== Task goal ==
Return nothing but the lines from the one with "Additional image 70" through the one with "WNDR3700v3 | N600" in the data below, word for word and without pictures.

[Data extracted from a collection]
_ _ _ _ _
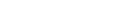 Telefonas
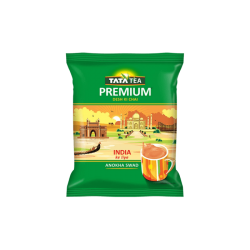 Tata Tea Premium - 100 Gram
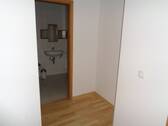03 Flur - 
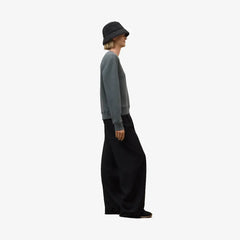 Ecoalf Sweat-shirt Albor Femme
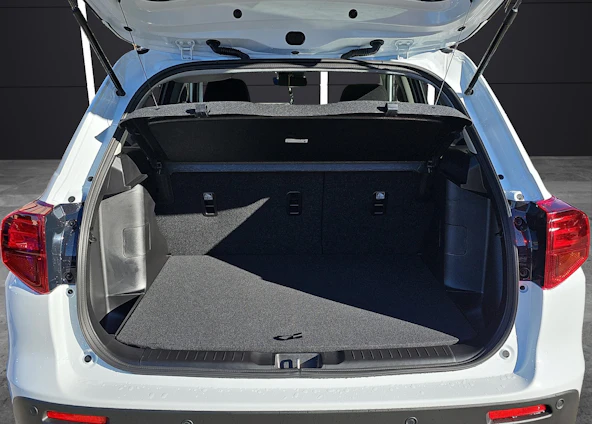 immagine del veicolo 12 immagine del veicolo 12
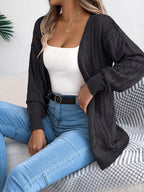 eeab534dfff346489065eda02f3f045f-Max-Origin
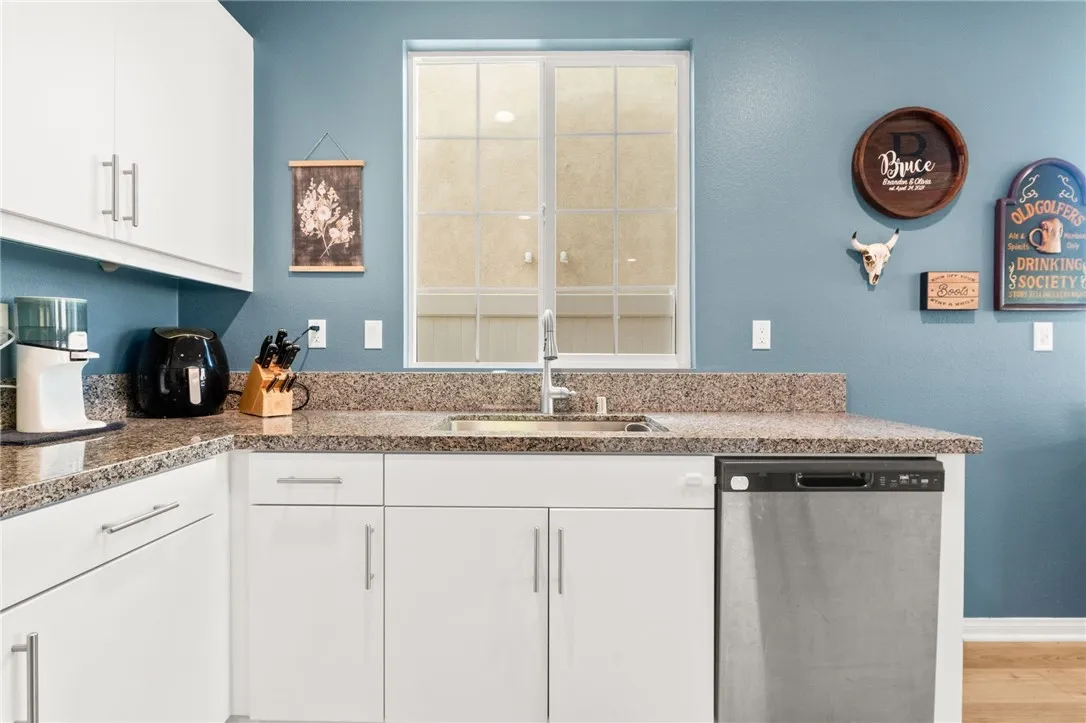 Additional image 70 of 1812 Ace St, Hemet, CA 92545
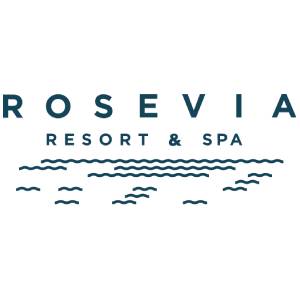 Jastrzębia góra apartamenty - Resort nad polskim morzem - Rosevia Resort & SPA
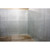 13' x 17' x 9'4"H Crown-Tonka Walk-in Cooler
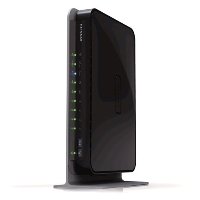 WNDR3700v3 | N600 Wireless Dual Band Gigabit Router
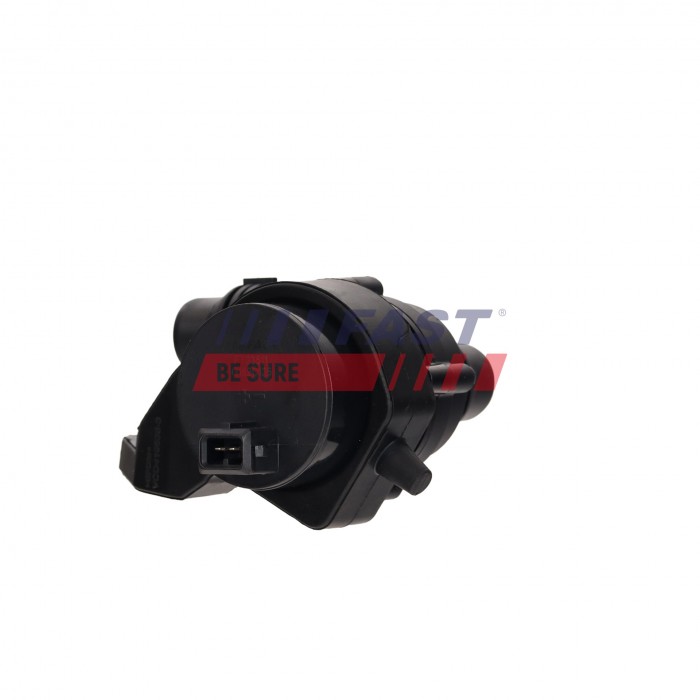 Pompe à Eau Additionnelle Pour Peugeot BMW Opel Citroën C4 C5 DS3 6 907 811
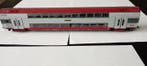Roco H0 - 6210148 - Modeltrein personenwagonset (4) - Set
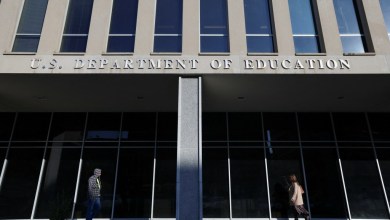 Feds investigate Houston ISD for plans to separate students with disabilities Feds investigate Houston ISD for plans to separate students with disabilities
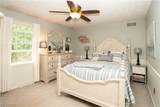 4426 Woodland Avenue - Photo 26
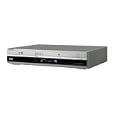 Sony RDR-VX511 DVD Recorder/ VCR combo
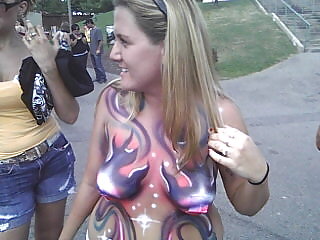 オズフェスト2010
 #1281741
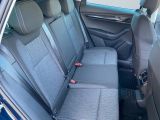 Skoda Karoq bei Gebrauchtwagen.expert - Abbildung (11 / 15)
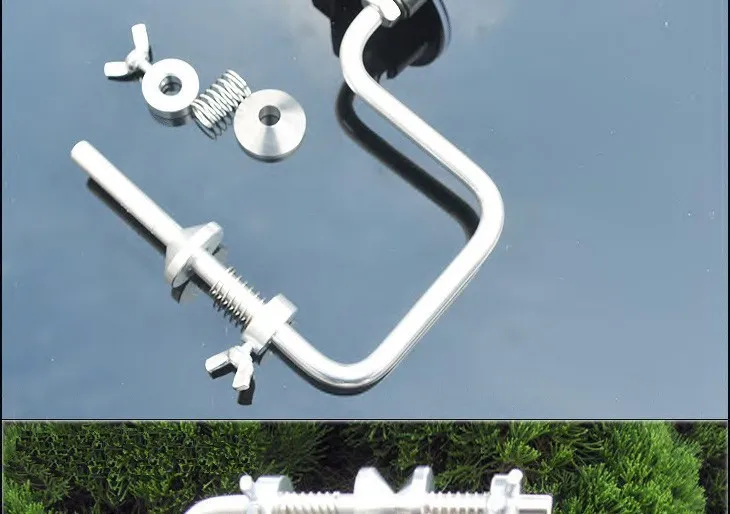 4 fishing reel 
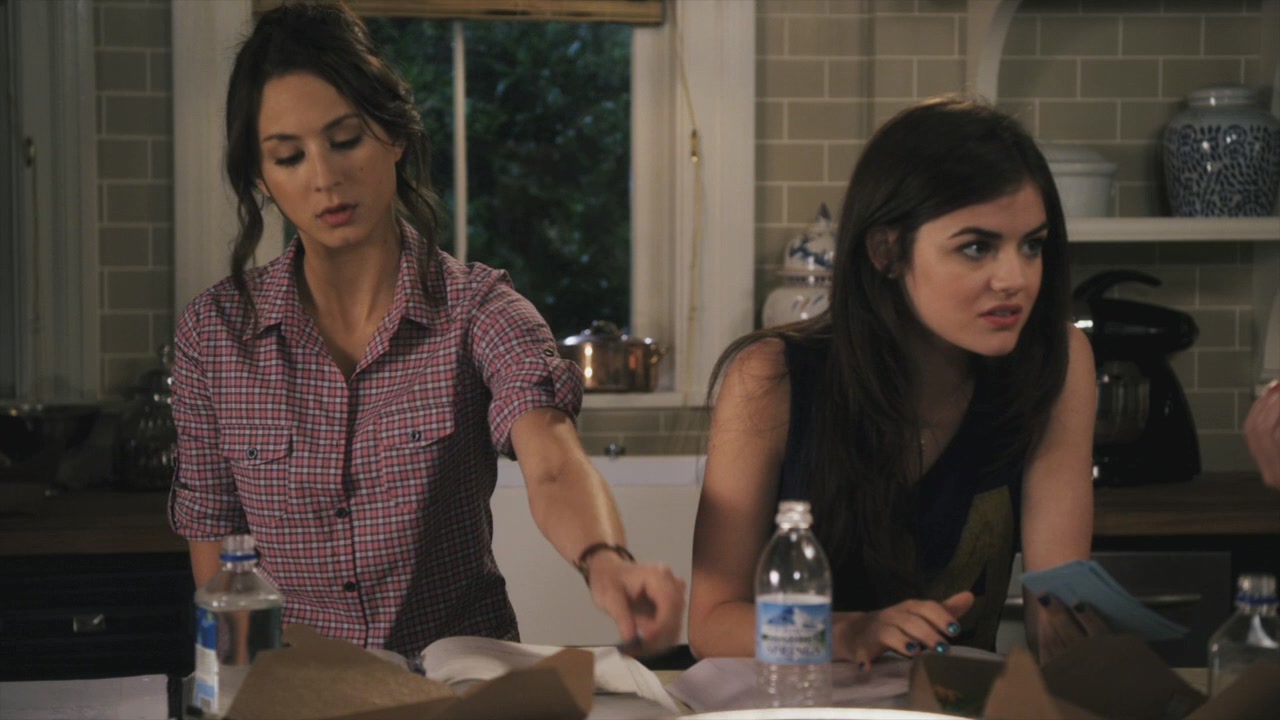PLL109-00011.jpg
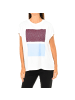 CALVIN KLEIN UNDERWEAR Shirt in White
_ _ _ _ _
== Written response ==
 Additional image 70 of 1812 Ace St, Hemet, CA 92545
 Jastrzębia góra apartamenty - Resort nad polskim morzem - Rosevia Resort & SPA
 13' x 17' x 9'4"H Crown-Tonka Walk-in Cooler
 WNDR3700v3 | N600 Wireless Dual Band Gigabit Router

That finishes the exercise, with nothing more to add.